I would do the concrete foundation for the gazebo first


----------



## Canarywood1 (May 5, 2012)

1) Should I have the gazebo post planted in the concrete or would concrete anchors be adequate. I like to ability to remove the gazebo if there was ever a need with anchors, but it's not a must.


Wood should never be encased in concrete.


----------



## Vince82 (Apr 13, 2013)

Canarywood1 said:


> 1) Should I have the gazebo post planted in the concrete or would concrete anchors be adequate. I like to ability to remove the gazebo if there was ever a need with anchors, but it's not a must.
> 
> 
> Wood should never be encased in concrete.


I've been reading on this site and it seems like this was debated over many times. While embedded post offer more strength, I know they will rot over time. Are these anchors that strong?


----------



## jsbuilders (Apr 13, 2013)

Canarywood1 said:


> 1) Should I have the gazebo post planted in the concrete or would concrete anchors be adequate. I like to ability to remove the gazebo if there was ever a need with anchors, but it's not a must.
> 
> Wood should never be encased in concrete.


And it really shouldn't touch it.


----------



## Canarywood1 (May 5, 2012)

Vince82 said:


> I've been reading on this site and it seems like this was debated over many times. While embedded post offer more strength, I know they will rot over time. Are these anchors that strong?


 
I'd use simpson ties,they are top of the line.


----------



## stadry (Jun 20, 2009)

*IF anchors are good enough for coastal bldg codes, they certainly will work for a gazebo absent hurricanes/tornadoes in which case 1 would best bend over & grab ankles no matter what anchor was used  calculating wind uplift force will determine how many columns & hurricane anchors are rqd.

just thought of this - which came 1st - your very fine home's foundation OR the 1st floor ?

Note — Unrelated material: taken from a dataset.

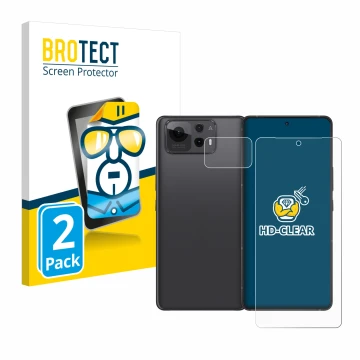 Parte frontal de un envase de producto con el logotipo de la marca BROTECT. Al lado se muestra el dispositivo ASUS ZenFone 12 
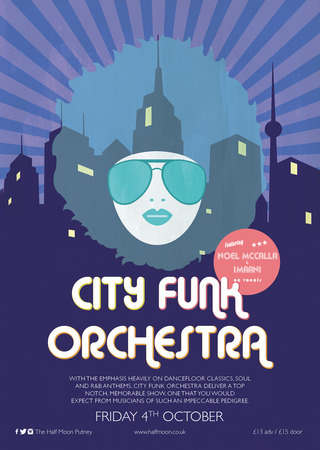 City Funk Orchestra Live at Half Moon Putney London Friday 4 October, Greater London, England, United Kingdom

ps - not knowing where your very fine home's located means you get generic responses which may not be applicable to your inquiry :whistling2: *


----------



## Vince82 (Apr 13, 2013)

http://www.lowes.com/pd_108734-7291...uct_avg_rating|1&facetInfo=Simpson Strong-Tie

are these what you guys are talking about?


----------



## Canarywood1 (May 5, 2012)

Yup,that's them.


----------



## GBrackins (Apr 26, 2012)

I myself prefer one of these ...... http://www.strongtie.com/products/connectors/ABA-ABU-ABW.asp# the other one has to be pretty exact on with it's placement. The ones I linked will allow some wiggle room as you can drill you concrete to set your threaded rod where it needs to go.

just my opinion


----------



## Canarywood1 (May 5, 2012)

GBrackins said:


> I myself prefer one of these ...... http://www.strongtie.com/products/connectors/ABA-ABU-ABW.asp# the other one has to be pretty exact on with it's placement. The ones I linked will allow some wiggle room as you can drill you concrete to set your threaded rod where it needs to go.
> 
> just my opinion


 
Wiggle room is good,we all need some.


----------



## GBrackins (Apr 26, 2012)

I know I do .... LOL


----------



## Msradell (Sep 1, 2011)

Why are you going to pave the area where you are installing the gazebo? Is it gazebo not going to have a floor so the paving will become the floor? If that's not the case and the gazebo is going to have a separate wood floor don't worry about paving underneath it, that's just a waste of money. Just put in the footings, build the gazebo and then if you want to, pave around it.


----------



## Vince82 (Apr 13, 2013)

Msradell said:


> Why are you going to pave the area where you are installing the gazebo? Is it gazebo not going to have a floor so the paving will become the floor? If that's not the case and the gazebo is going to have a separate wood floor don't worry about paving underneath it, that's just a waste of money. Just put in the footings, build the gazebo and then if you want to, pave around it.


You are right, the gazebo is not going to have a floor so the paving will become the floor.


----------